### DATA PROVIDED
******

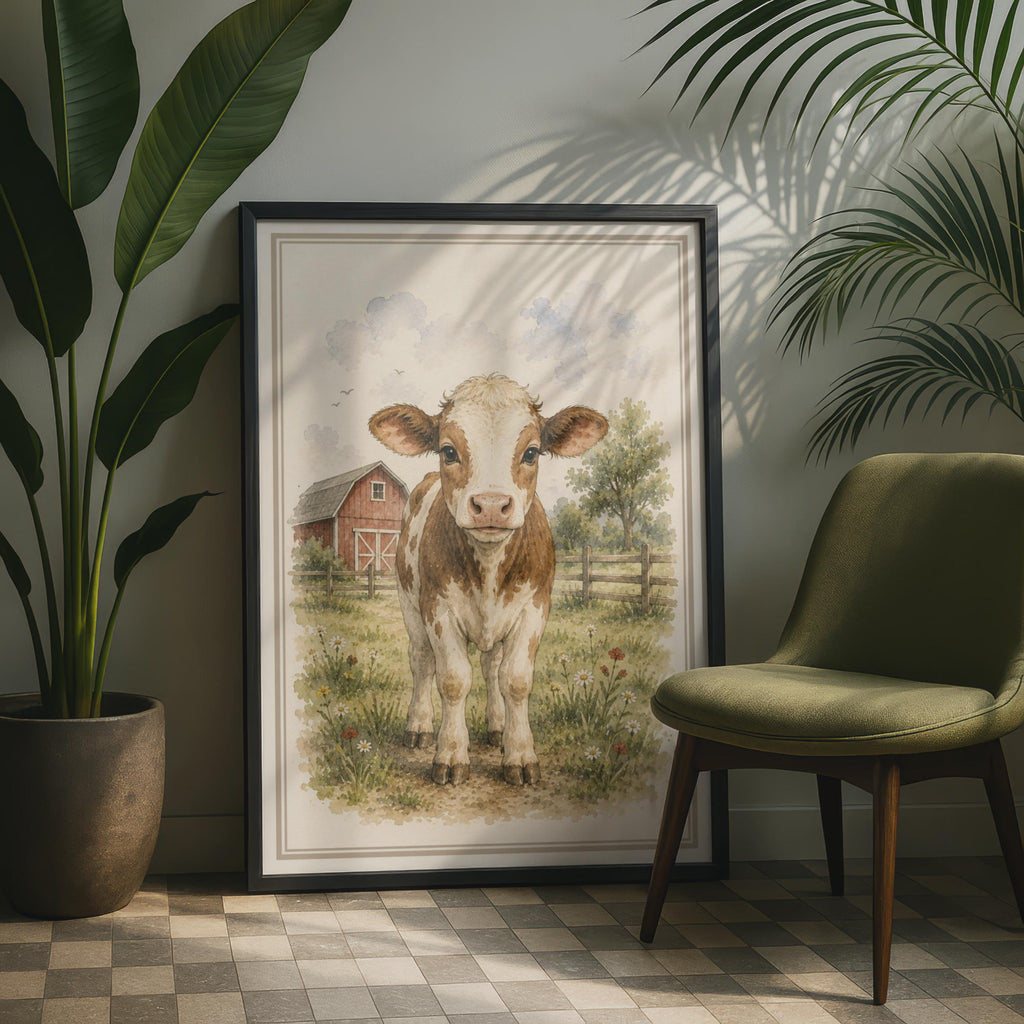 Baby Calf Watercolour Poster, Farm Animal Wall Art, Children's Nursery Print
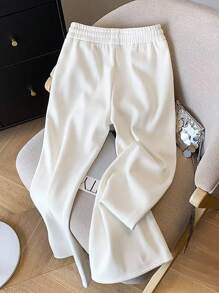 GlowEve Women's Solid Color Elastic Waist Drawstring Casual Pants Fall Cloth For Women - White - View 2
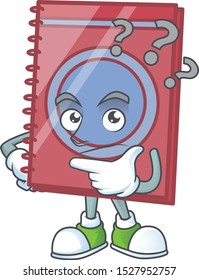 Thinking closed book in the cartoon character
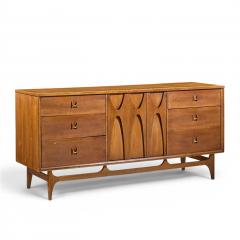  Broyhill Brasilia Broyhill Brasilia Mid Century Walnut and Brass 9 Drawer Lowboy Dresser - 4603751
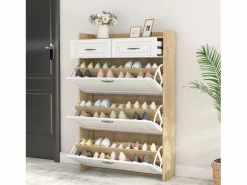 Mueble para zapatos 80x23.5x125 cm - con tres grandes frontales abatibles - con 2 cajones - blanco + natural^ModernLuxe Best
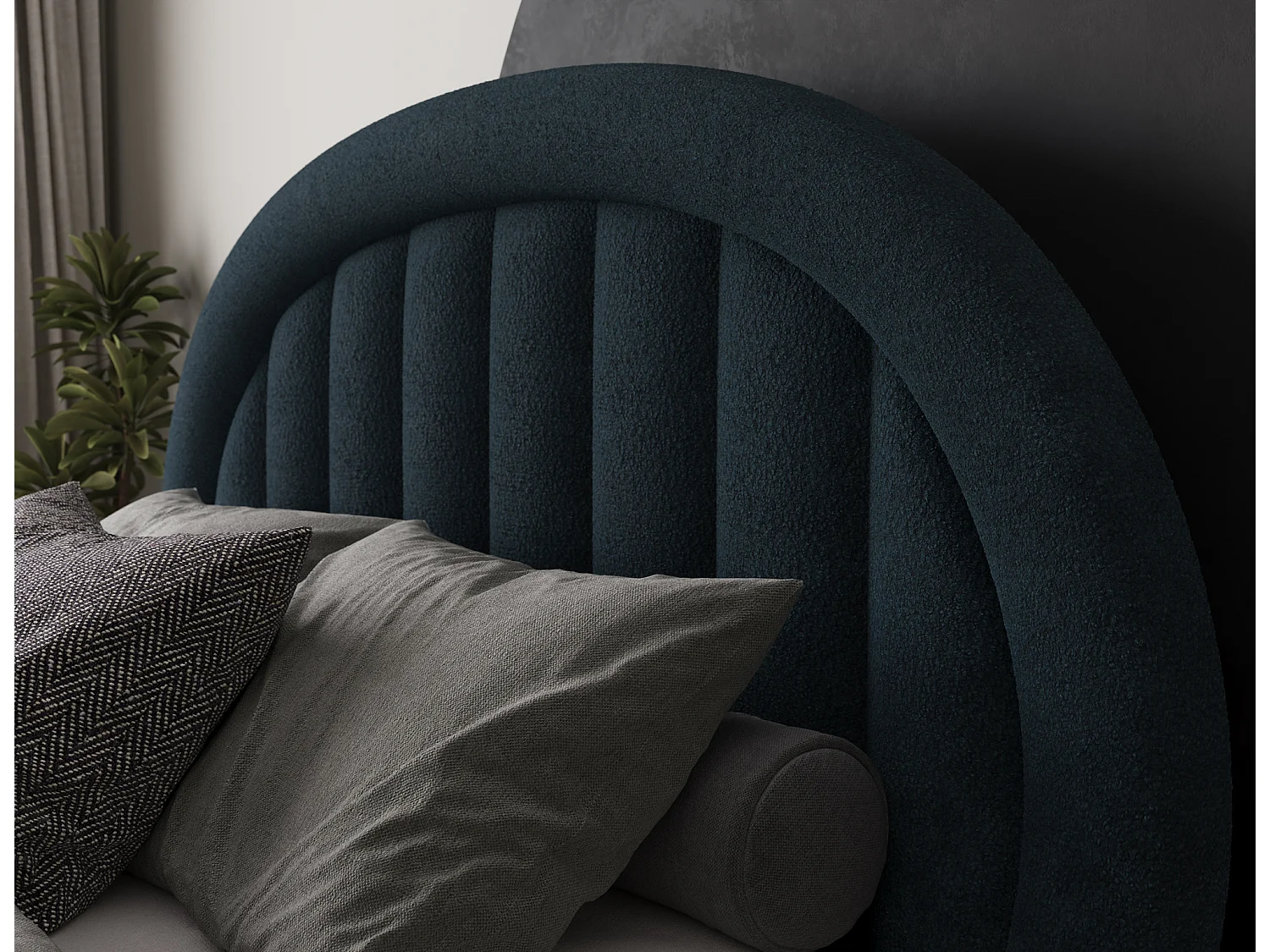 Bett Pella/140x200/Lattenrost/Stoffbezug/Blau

******

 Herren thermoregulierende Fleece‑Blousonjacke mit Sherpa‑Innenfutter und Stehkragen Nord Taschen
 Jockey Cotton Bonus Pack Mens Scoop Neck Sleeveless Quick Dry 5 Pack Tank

******

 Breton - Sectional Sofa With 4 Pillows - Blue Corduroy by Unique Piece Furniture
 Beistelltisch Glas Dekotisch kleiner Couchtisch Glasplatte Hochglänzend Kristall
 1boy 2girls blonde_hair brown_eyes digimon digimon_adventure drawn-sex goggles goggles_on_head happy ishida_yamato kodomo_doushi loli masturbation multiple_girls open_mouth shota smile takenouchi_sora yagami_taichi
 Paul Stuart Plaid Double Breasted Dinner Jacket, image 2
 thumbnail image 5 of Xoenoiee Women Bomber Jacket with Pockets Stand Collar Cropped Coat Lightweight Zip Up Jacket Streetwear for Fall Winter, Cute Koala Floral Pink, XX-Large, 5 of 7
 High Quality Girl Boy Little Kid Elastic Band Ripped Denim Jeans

******

### WHAT IS REQUIRED
Return only the number of lines in the data that contain "image".

### SOLVED EXERCISE
2